“I want to gently move your wet panties to the side so I can place my socks on the radiator”
Some guy’s intro quote on Bumble
Welcome to my life. A month of online dating. It feels like a Fyre Festival anxiety dream - beauty, fantasy, possibility… stress, endlessly lowered standards, a limp cheese sandwich.
In the good moments, it’s an explosion of hope and hilarity. The messaging clicks, you have each other in stitches, your fingers can’t type fast enough for the iridescent back-and-forthing and witty ripostes. And in others, it feels like a shit job you’re not getting paid for. You put in the long, painful hours and clock off feeling hollow and ever so slightly suicidal.
Dating is Thorpe Park: queuing, impatience, nausea, thrills.

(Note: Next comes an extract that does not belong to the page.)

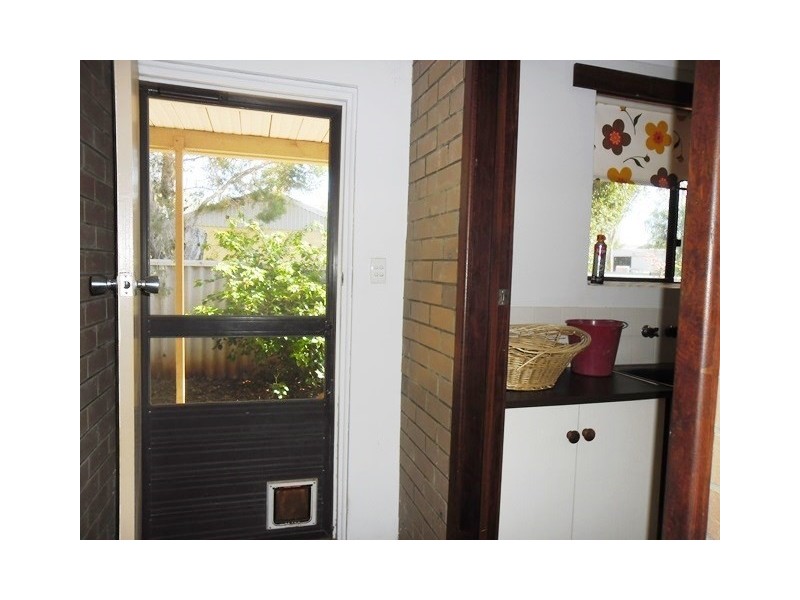 55 Carter Street, Three Springs WA 6519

One minute you're ascending; giddy, bursting with anticipation, and then suddenly you’re upside down, feeling like you want to be sick, desperate to GET THE FUCK OFF THE APPS. But then you’re cruising, seeing the world from above, the queen of the castle with a lovely studly view, until down you whoosh into a dark tunnel where it feels like the walls are closing in.
And then you queue again. Because to ride the ride, you gotta queue. And as much as you hate the ride, you’re hoping it will make you pregnant and marry you. Jk. Buy you dinner and go down on you. Jk. Make you laugh and restore your faith in love. Not jk.

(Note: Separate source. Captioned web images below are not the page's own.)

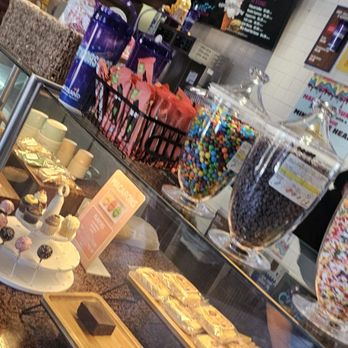 Castle Ice Cream - Ice Cream & Frozen Yogurt Near Me - Carlsbad, California Castle Ice Cream - Ice Cream & Frozen Yogurt Near Me - Carlsbad, California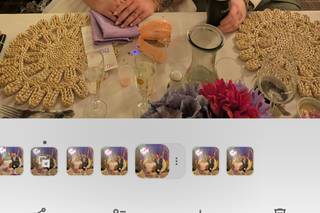 She's Electric Events - 7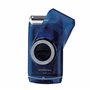 Braun PocketGo, Rasoir Portable ORIGINAL MobileShave, M60b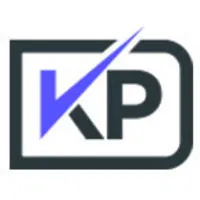 KP Dashboard KP Dashboard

Keep your standards high and your expectations low.
My best friend teased me that I could fall in love with anyone. And it’s true, if I fancy someone I can always find the best in them. This, coupled with a boner for commitment and a fool’s devotion to ‘making it work at all costs’, means that I have spent years dedicated to relationships that weren’t right. I think with my heart, knuckle down and flog a dead relationship horse because LOVE because DESIRE, because PEOPLE EVOLVE, because I find it hard to let go.

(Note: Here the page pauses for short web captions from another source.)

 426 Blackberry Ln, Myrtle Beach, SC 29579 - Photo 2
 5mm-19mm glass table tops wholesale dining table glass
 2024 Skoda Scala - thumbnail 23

But I can’t afford to do that anymore. I’m ready for the good stuff. I want a family and an equal, balanced, sustaining partnership. Natasha Lunn, in her wonderful essay The Guest, says “true love will surprise you with its quiet sturdiness. It won’t dwarf or consume you; it will make you feel bigger. It will feel heavy, not in a way that weighs on your shoulders, but in a way that makes the ground feel solid underneath your feet. It will make you look out, not in. (Be a woman that looks out, not in.)” Amen!
I keep noticing healthy, happy relationships, like beacons. I keep reading hopeful words that make me feel safe and warm and excited about a new kind of love. I have spent far too long letting myself be swayed by passion or familiarity. But now I can see a stark distinction between nurturing, nourishing relationships, and my hitherto ravenous heart; gorging on love-scraps as if they were a ten course meal.
The problem is, with 37 fast approaching, it feels like everything is at stake. Deciding you are ready to meet your equal is all well and good, but what if he’s not adequately signposted?
Dating apps are like using a metal detector to scan for sausages. How will you know if you’re hovering over a good husband?
At first I decided to make it simple. I’m looking for a best friend I fancy, so I only swiped ‘yes’ to guys that looked warm and smiley. First pitfall. Not many men smile in their photos and the only one I found that was grinning warmly in every picture, and who looked deeply sweet and lovely, messaged me back sporadically before finally asking for my number and never texting or calling. Two other men that looked really kind and reliable, blocked me after I didn’t write to them for a couple of days when I was first getting used to the sites. Dating is so fucking delicate. Fraught with landmines that could explode at any time. You’re walking merrily along and then BOUFF your self esteem's in tatters. BIFF you’re picking up scattered shards of hope from a desolate dickscape, clumsily trying to reassemble the pieces into something that makes sense.
Dating puts you in a precarious and confusing position. I don’t want anything causal, I don’t want ‘just a bit of fun’, I only want to invest time in someone who has the potential to be the person I’ll be attending to pooey nappies with (our children’s if we’re lucky and each other’s if we’re lucky enough to make it that far, but unlucky enough to suffer late life incontinence). And yet, how on earth can you know that from an app? It’s totally bizarre and deeply absurd to look at a photo of a stranger and a few facts they’ve chosen to share and decide if there is any potential for them to enter your body, your heart and be trusted with the shape of your future.
I’ve now realised that the only possible way to proceed is to just be curious. Take it ever so lightly. In general life, I am fascinated by people and their mores. But I’ve been so desperate to find something meaningful and so full of scowling disdain for the dating process, that I’d forgotten all that’s required is an interest in people. Dating feels scary but really it’s just spending time with new people and getting to experience yourself in different scenarios. If it didn’t feel like the stakes were so high, could it perhaps be… fun?